Flick dosadnie wypalił po porażce z Osasuną
Przed spotkaniem Osasuny z FC Barceloną, to oczywiście ekipa z Robertem Lewandowskim w składzie była wskazywana w roli murowanego faworyta do zgarnięcia kompletu punktów. Niespodziewanie jednak ekipa z Pampeluny nie tylko wyszła na prowadzenie, ale błyskawicznie strzeliła drugą bramkę, by ostatecznie wygrać aż 4:2 z ekipą prowadzoną przez trenera Hansiego Flicka. Dla Barcelony była to pierwsza porażka w lidze w tym sezonie, co oczywiście odbiło się szerokim echem m.in. w mediach społecznościowych.
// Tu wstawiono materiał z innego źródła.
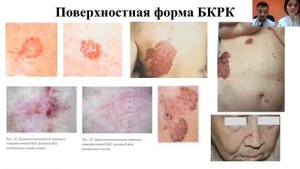 БАЗАЛЬНО-КЛЕТОЧНЫЙ РАК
Po zakończeniu spotkania niemiecki trener "Dumy Katalonii" naturalnie pojawił się na konferencji prasowej, gdzie od razu uczulił dziennikarzy, żeby w jego osobie szukali oni osoby odpowiedzialnej za porażkę z Osasuną. Co więcej, szkoleniowiec Barcelony nie ukrywał, że sytuacja kadrowa w jego zespole nie jest najlepsza i po prostu nie miał on możliwości wystawić na to spotkanie innych, być może bardziej pasujących zawodników.
Trener Lewandowskiego zwrócił się do mediów
- Jeśli mamy kogoś winić, to tylko mnie. Opieka nad zawodnikami to mój obowiązek. Popełniono wiele błędów w tym meczu i oni to wykorzystali. Zawodnicy też byli przemęczeni i dzisiaj musieliśmy odpocząć. - tłumaczył niemiecki szkoleniowiec dodając przy okazji, że w żadnym razie nie szuka on wymówki i zarówno on, jak i jego podopieczni muszą pogodzić się z niełatwą i wysoką porażką z ekipą z Pampeluny.
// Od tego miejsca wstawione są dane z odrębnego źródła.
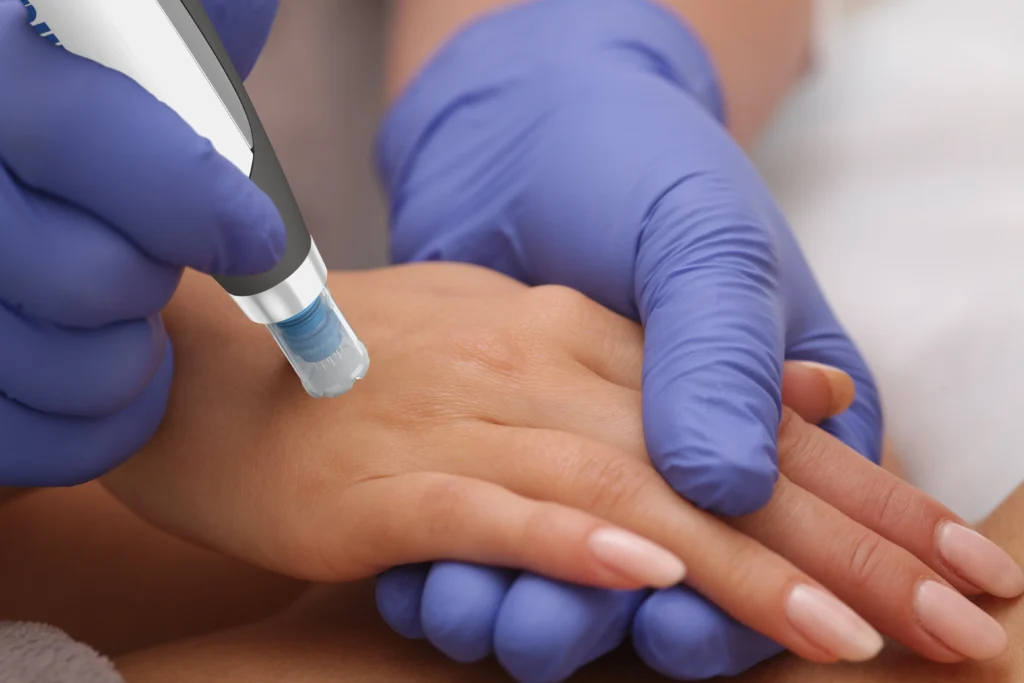 Microneedling in New York by Timelyss Med Spa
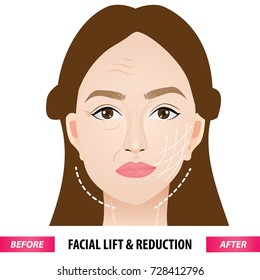 Lifting and wrinkle injection surgery vector illustration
Kiepska sytuacja kadrowa w Barcelonie już na początku sezonu
Zarówno urazy, jak i liczba minut rozegrana już przez niektórych zawodników zmusiła Flicka do przeprowadzenia wielu zmian w składzie, co zdaniem Niemca bezpośrednio mogło przełożyć się na taki, a nie inny wynik spotkania 8. kolejki. Co więcej, zdaniem Flicka rzut karny dla Osasuny, po którym gospodarze prowadzili 3:1 był tym momentem, który zabił mecz.